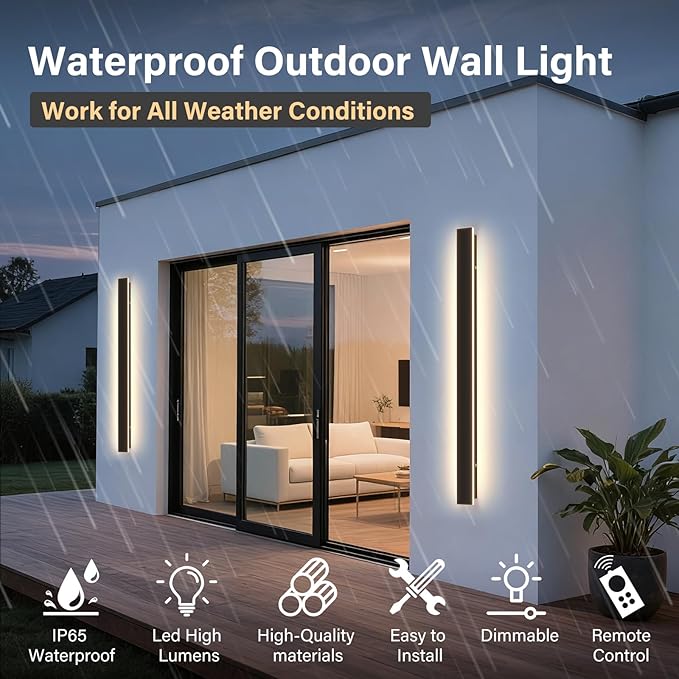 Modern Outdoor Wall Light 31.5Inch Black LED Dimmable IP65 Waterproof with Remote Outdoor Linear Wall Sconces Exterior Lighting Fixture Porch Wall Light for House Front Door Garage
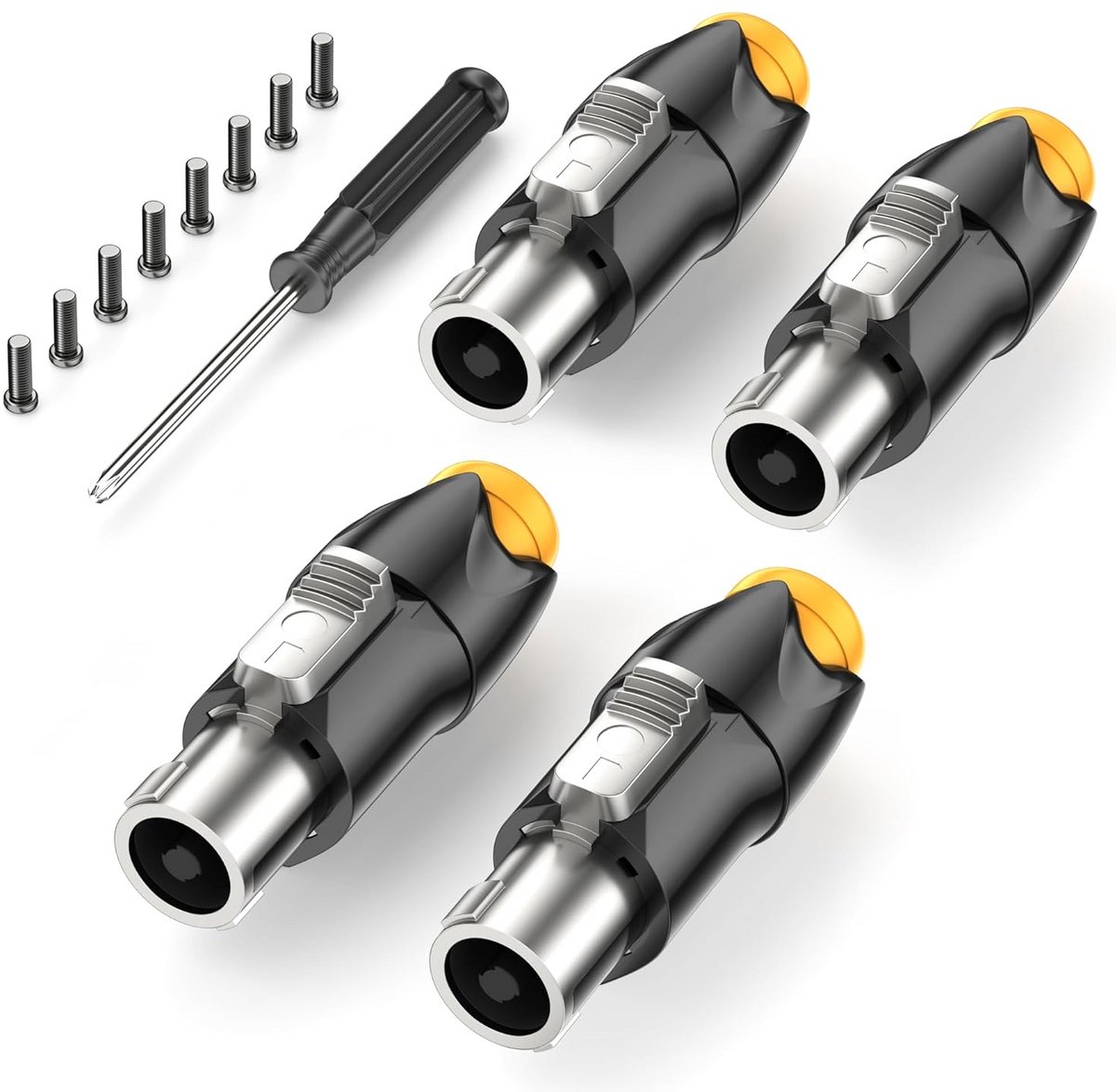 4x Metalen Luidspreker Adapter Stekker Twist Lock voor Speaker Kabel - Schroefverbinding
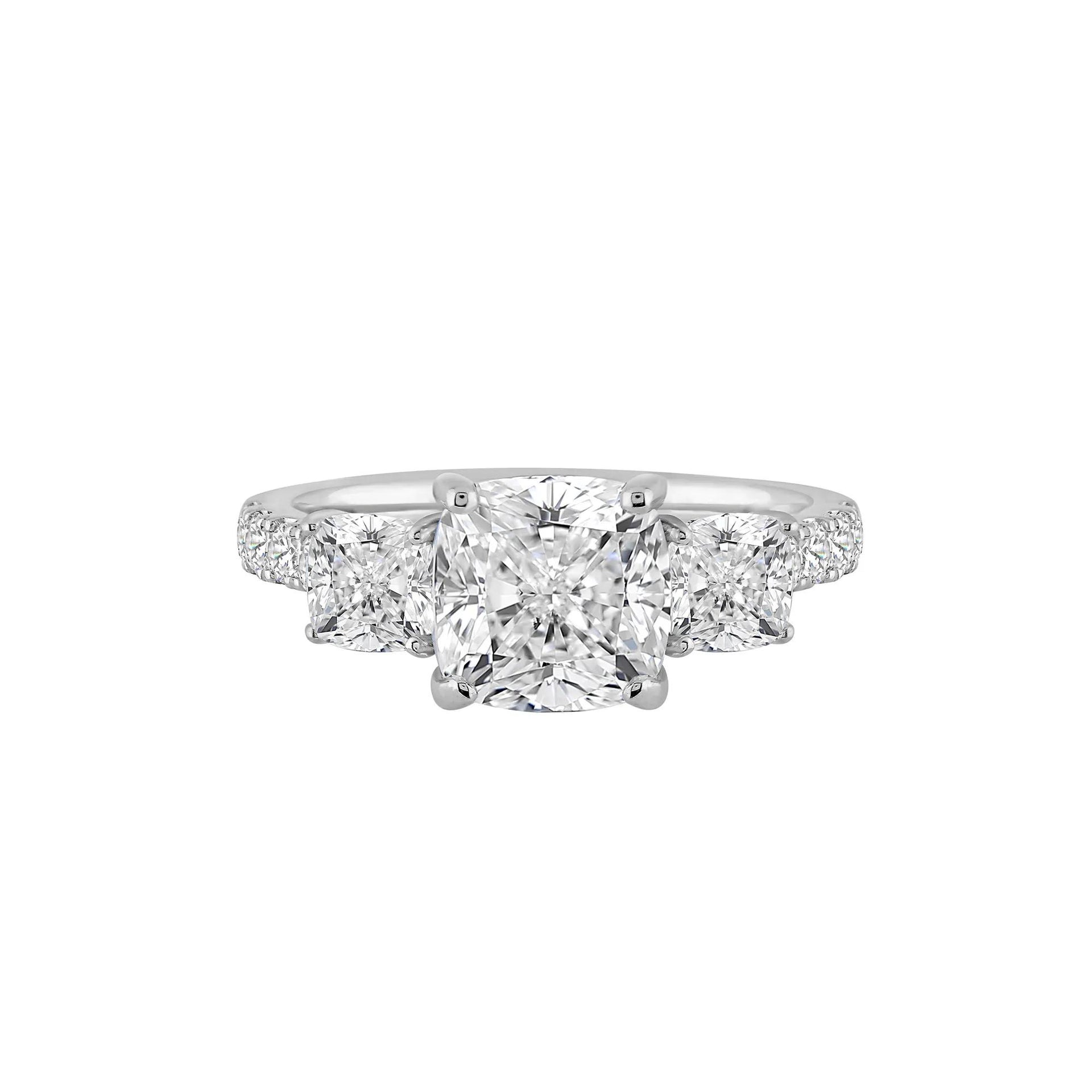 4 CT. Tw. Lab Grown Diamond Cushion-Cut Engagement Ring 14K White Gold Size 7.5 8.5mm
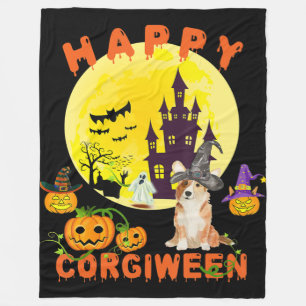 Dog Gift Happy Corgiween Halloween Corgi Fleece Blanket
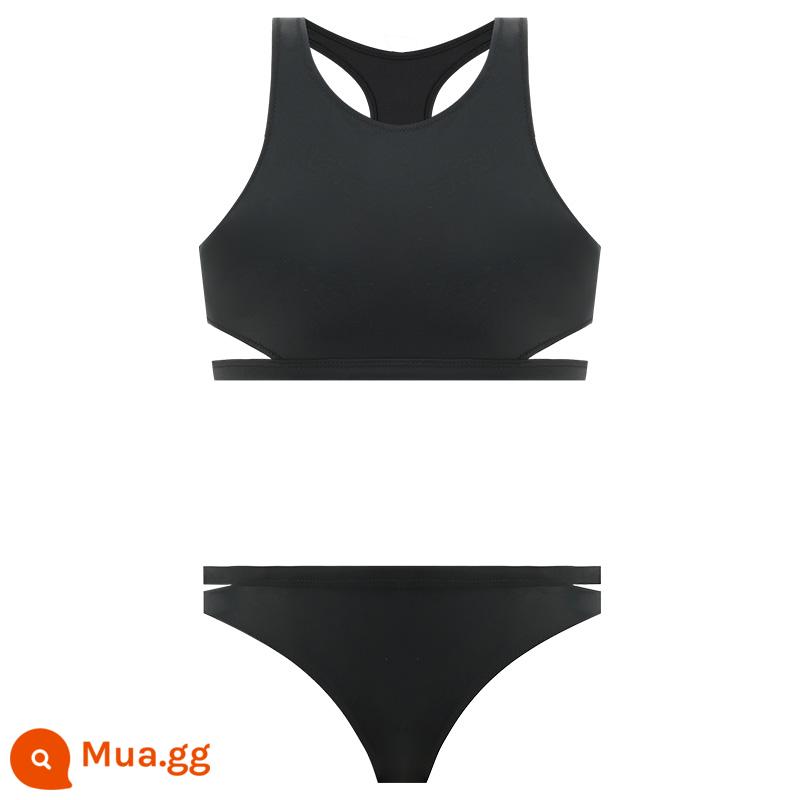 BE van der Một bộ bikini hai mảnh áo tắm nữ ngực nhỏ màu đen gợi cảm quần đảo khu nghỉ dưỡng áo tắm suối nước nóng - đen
····················
* [ACTIVITY]:
What the answer must hold is the exact text of every line from the one containing "Dog Gift Happy" through the end of the data, minus any pictures.

* [EXPECTED OUTPUT]:
 Dog Gift Happy Corgiween Halloween Corgi Fleece Blanket
 BE van der Một bộ bikini hai mảnh áo tắm nữ ngực nhỏ màu đen gợi cảm quần đảo khu nghỉ dưỡng áo tắm suối nước nóng - đen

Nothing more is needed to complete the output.